Collections.sort(myList, new new Comparator<E>() { public int compare(E o1, E o2) { return 01.val-02.val } }

(You could also make your class implement Comparable, but then you need to own the class, have only one ordering used in the entire program, not mind making the ordering a property of the class).

If you are in an IDE, then writing all that out is not to bad because of auto complete. If you are stuck in a plain-text editor, you would much prefer something like: Collections.sort(myList, lambda<E->int> x->x.val);

Java 8 does incluse lambda's, so maybe this particlar case has been solved. But languages with a strong CLI pressense in the community tend to need alot less IDE than languages with a strong IDE pressense in the community.

4 comments

Another way of looking at this is how much code you have to read. This is one of the reasons I hate wizard generated code in a way that I don't hate InterfaceBuilder or similar serialized object trees. If I'm gonna have to read the code eventually, the fact that your IDE makes it easy to draw a button is cold comfort to me when it takes 100 lines of cryptic C to do it (actually pretty common in early Windows programs or Xaw hacks, but mercifully diminished in frequency in these more enlightened days).

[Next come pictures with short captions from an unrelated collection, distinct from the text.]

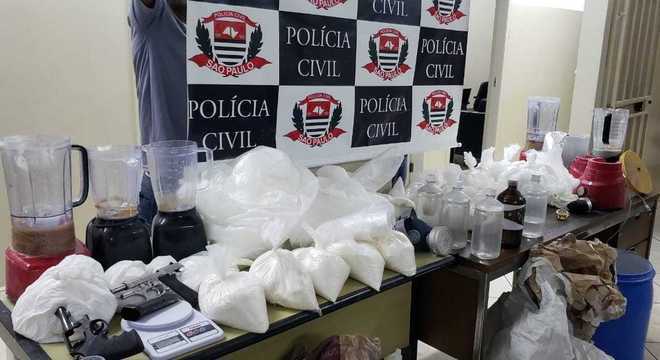 Um casal e um homem são presos por tráfico de drogas em Morrinhos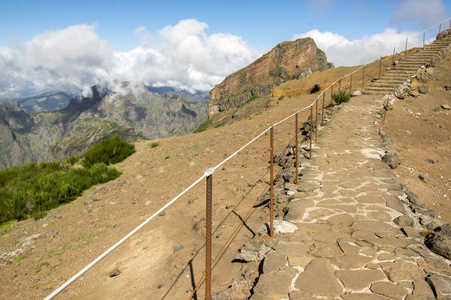 笔克做 Arieiro 远足小径, 惊人的魔力景观, 令人难以置信的景色, 岩石和薄雾, 路径与栏杆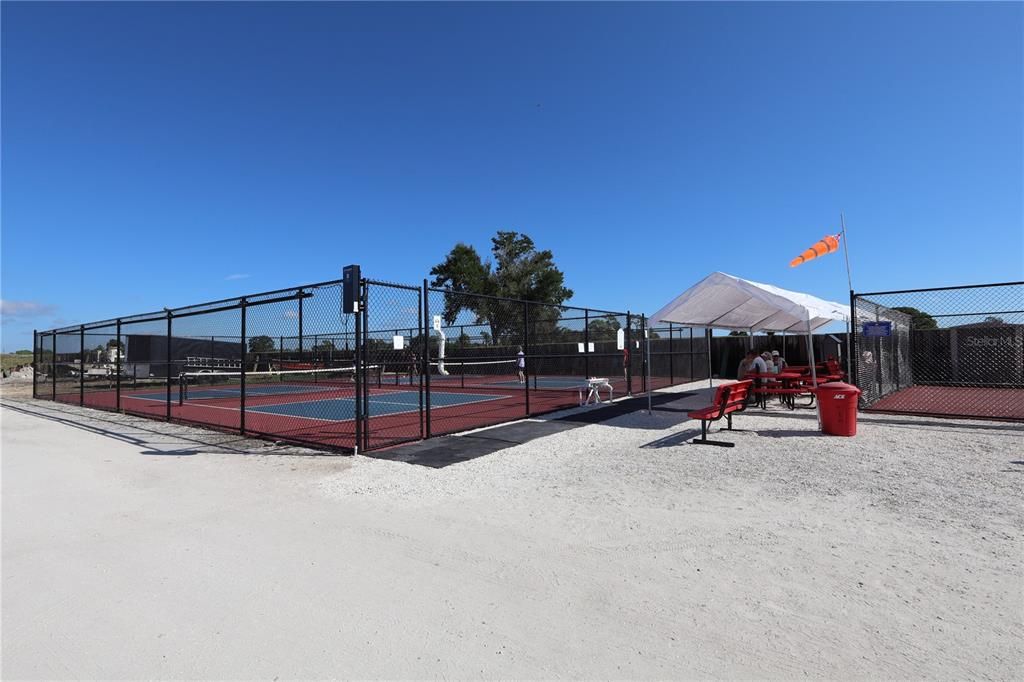 For Sale: $225,000 (2 beds, 2 baths, 1056 Square Feet)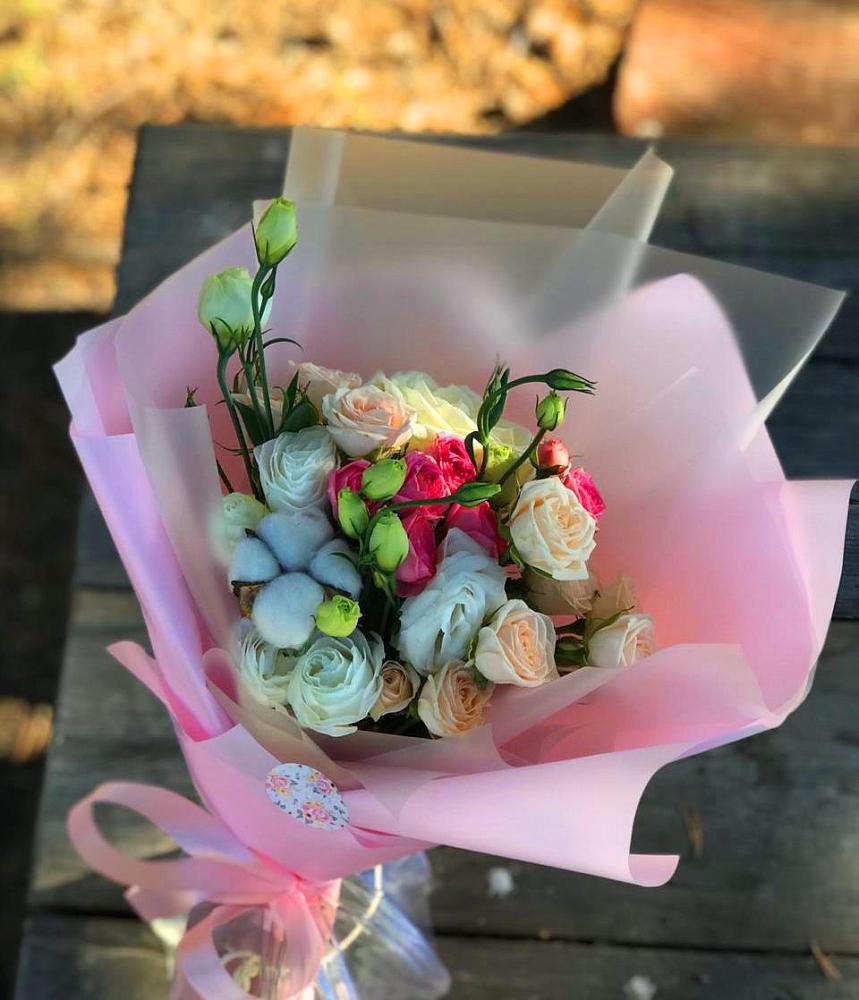 Букет цветов из: Розы и Лизиантусы в Малые Вязёмы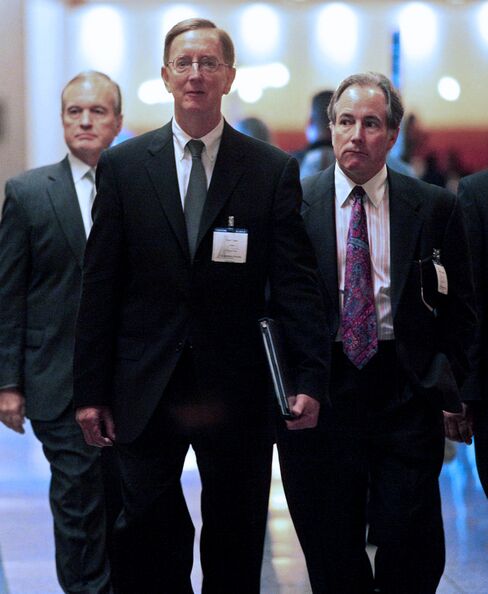 Dollar Chairman Thomas Capo and CEO Scott Thompson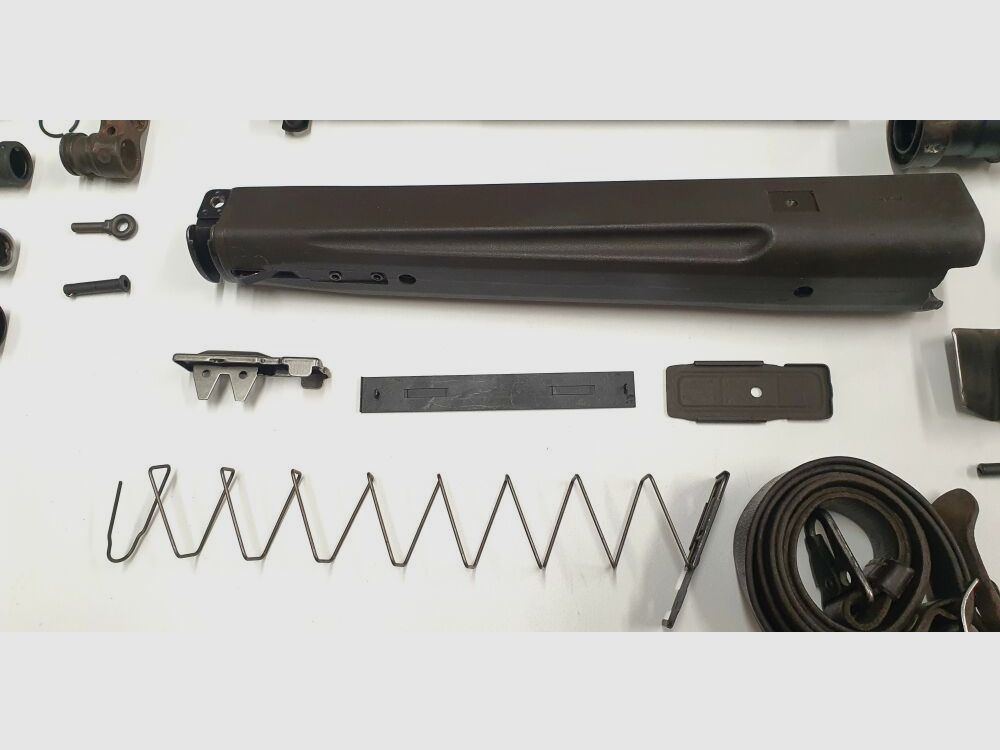 H&K Heckler and Koch GmbH Oberndorf Free parts kit original HK G3 NATO Heckler & Koch including trapezoidal front stock olive green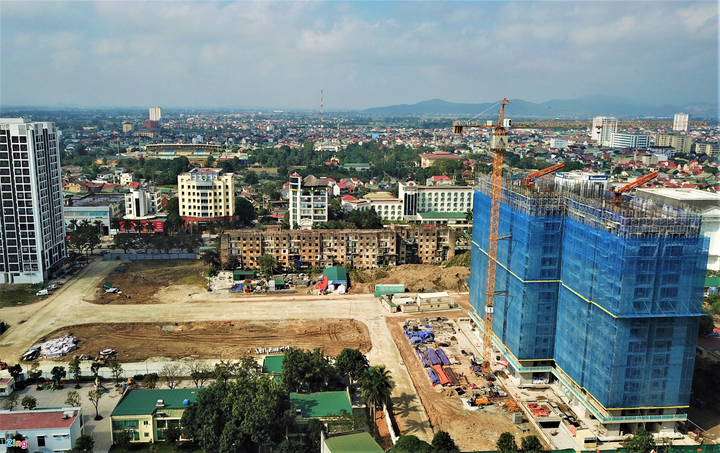 Ảnh: Cuộc sống của 7 hộ dân trong chung cư chờ sập ở TP Vinh - 4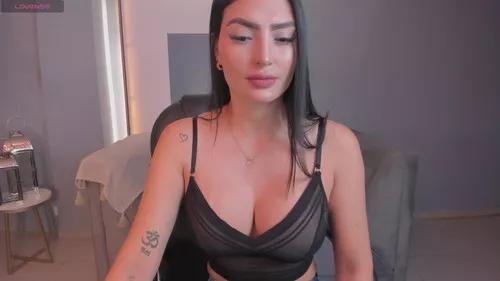 Girls and cam to cam: Watch as these sophisticated entertainers uncover their stunning costumes and curvaceous curves online!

Code generation can cause people to neglect library design; the reason why the MFC wizards spat out volumes of code instead of calling a library method is because you might need to rewrite some or all of that. You are not expected to modify InterfaceBuilder output, nor should you have to any more than you would have to regularly rewrite bits of Xlib to customize them appropriately.

This is correct, I just don't like Java. IDEs are really beside the point; but the fact is there is no IDE that supports the breadth of languages that vim or emacs support. And there's certainly no IDE that I would want to run over SSH to machines spanning oceans, whereas vim copes incredibly well.
I used to be in the same camp about not using languages that require an IDE. But I have recently started using something akin to a Haskell IDE, and I have to say, things like displaying the inferred types of expressions in a tooltip and jump-to-definition are nice to have.
I don't use Java but the equivalent in C# is literally `thing.OrderBy(p => p.Whatever);`. So even simpler than your example.

The boiler plate code has been disappearing in C# a lot faster than Java, but I believe Java is catching up.

So needing an IDE to actually edit code to relieve the tedium of boilerplate is is not the case these days, although you still need it to manage things like references, I'd not want to manage that myself.